POSTAL SERVICE CLOSING OFFICES IN POOR, RURAL AREAS - Creston PO Expired Lease An Example

(02/09/2010)
Eighty-seven-year-old Retha Casto of Hackers Valley pleaded with the US Postal Regulatory Commission, "For God's sake and yours too please think of the people — not just the money."

The postal service has decided to close her post office after 153 years.

Casto's complaint has spurred the commission to investigate whether the service violated procedures in closing 96 post offices in 34 states during the past five years.

The closures were typically modest operations, situated in leased space in the back of general stores or in other small buildings.

The Creston Post Office in Wirt County was likely one of them.

The postal service is in serious financial trouble with a sharp decline in mail because of the Internet and the recession.

The Postal Service declared the closures an emergency over soon-to-expire leases, like Creston.

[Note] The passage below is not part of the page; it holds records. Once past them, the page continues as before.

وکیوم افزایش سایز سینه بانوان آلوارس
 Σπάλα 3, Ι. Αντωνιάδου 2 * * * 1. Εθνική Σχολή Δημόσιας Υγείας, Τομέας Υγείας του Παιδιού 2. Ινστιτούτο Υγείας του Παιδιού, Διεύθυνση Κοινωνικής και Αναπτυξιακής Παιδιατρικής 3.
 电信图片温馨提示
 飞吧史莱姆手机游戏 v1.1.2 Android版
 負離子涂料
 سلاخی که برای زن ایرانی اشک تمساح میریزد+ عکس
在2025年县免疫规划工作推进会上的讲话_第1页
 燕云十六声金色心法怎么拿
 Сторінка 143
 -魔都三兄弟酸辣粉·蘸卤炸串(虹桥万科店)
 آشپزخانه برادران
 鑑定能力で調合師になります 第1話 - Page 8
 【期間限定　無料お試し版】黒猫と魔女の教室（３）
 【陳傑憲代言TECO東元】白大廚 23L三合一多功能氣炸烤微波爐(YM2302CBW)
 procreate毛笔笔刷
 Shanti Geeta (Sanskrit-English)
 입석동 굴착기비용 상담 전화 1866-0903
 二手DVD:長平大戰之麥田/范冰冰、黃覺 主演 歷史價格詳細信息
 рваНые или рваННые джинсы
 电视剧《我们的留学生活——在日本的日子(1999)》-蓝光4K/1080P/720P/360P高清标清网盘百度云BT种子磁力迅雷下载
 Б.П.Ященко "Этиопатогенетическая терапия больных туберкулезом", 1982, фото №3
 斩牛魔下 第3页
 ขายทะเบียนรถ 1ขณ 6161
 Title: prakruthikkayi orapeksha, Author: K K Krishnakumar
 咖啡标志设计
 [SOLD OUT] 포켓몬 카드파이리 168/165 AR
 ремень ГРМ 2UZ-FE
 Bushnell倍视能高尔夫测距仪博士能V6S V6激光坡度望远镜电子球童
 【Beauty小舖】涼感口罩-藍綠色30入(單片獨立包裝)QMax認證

Before the Postal Service closed the Hacker Valley office, it held a public meeting to tell residents the building's lease had been terminated, the post office was losing money and a building freeze would prevent the construction of a new office.

In McCausland, Iowa, community members held yard sales, pig roasts and bake sales to raise money to build a new post office.

Technically the issue is a dispute over the distinction between closing a post office and suspending service.

The commission is saying the evidence strongly suggests the Postal Service used suspension procedures at the Hacker Valley post office last July to skirt the closing requirements laid out by Congress.

The Postal Service has raised rates, cut the number of employees from 800,000 to 623,000 and eliminated 12,000 carrier routes because of a $7 billion deficit.